▸ **Problem requirements**:
Below are lines of data; restate word for word those running from the line containing "Numan Abu Safyeh" to the line containing "254 West Main Street #2 - Photo 7 of 9", inclusive, and no others.

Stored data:
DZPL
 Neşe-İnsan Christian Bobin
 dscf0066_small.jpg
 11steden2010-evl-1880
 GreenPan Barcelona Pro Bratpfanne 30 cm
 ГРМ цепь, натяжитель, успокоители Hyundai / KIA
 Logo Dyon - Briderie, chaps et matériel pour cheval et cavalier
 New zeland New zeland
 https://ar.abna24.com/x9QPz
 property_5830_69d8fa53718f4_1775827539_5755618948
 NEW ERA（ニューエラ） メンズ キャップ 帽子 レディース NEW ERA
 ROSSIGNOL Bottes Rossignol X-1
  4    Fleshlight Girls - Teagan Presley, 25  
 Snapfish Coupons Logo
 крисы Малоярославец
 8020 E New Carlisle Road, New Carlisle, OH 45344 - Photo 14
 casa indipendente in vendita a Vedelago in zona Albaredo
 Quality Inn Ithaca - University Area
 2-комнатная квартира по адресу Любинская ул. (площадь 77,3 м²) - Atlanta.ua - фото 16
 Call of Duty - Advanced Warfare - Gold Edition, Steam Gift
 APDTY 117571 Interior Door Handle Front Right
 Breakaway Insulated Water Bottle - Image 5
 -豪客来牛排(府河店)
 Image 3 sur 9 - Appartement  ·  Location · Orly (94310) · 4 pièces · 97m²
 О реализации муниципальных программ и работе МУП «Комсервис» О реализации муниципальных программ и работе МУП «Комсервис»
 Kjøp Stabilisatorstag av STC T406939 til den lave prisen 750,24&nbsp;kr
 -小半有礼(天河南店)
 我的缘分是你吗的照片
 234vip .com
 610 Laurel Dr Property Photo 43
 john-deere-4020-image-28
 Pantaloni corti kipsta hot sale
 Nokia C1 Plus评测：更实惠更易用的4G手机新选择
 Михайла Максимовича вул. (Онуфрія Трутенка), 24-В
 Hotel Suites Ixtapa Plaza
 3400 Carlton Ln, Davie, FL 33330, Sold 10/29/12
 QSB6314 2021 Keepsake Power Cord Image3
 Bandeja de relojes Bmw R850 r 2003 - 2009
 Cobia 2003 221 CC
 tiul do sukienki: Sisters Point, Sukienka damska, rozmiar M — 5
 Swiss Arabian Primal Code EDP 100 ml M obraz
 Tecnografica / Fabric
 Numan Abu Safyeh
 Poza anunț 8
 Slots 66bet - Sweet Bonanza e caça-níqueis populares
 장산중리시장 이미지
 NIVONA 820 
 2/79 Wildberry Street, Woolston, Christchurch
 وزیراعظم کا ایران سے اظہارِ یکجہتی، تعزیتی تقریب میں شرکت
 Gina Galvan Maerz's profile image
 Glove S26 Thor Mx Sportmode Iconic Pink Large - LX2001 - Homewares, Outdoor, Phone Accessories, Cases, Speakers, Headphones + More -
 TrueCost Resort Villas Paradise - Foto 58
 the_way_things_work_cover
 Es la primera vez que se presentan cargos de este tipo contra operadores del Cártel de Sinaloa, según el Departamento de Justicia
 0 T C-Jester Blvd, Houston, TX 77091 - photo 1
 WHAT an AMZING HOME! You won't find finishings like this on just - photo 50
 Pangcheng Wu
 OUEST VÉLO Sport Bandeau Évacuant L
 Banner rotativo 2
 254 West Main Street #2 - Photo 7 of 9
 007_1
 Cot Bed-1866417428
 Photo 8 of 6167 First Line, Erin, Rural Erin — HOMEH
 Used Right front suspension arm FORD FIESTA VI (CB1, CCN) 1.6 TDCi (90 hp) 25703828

▸ **Answer to this task**:
 Numan Abu Safyeh
 Poza anunț 8
 Slots 66bet - Sweet Bonanza e caça-níqueis populares
 장산중리시장 이미지
 NIVONA 820 
 2/79 Wildberry Street, Woolston, Christchurch
 وزیراعظم کا ایران سے اظہارِ یکجہتی، تعزیتی تقریب میں شرکت
 Gina Galvan Maerz's profile image
 Glove S26 Thor Mx Sportmode Iconic Pink Large - LX2001 - Homewares, Outdoor, Phone Accessories, Cases, Speakers, Headphones + More -
 TrueCost Resort Villas Paradise - Foto 58
 the_way_things_work_cover
 Es la primera vez que se presentan cargos de este tipo contra operadores del Cártel de Sinaloa, según el Departamento de Justicia
 0 T C-Jester Blvd, Houston, TX 77091 - photo 1
 WHAT an AMZING HOME! You won't find finishings like this on just - photo 50
 Pangcheng Wu
 OUEST VÉLO Sport Bandeau Évacuant L
 Banner rotativo 2
 254 West Main Street #2 - Photo 7 of 9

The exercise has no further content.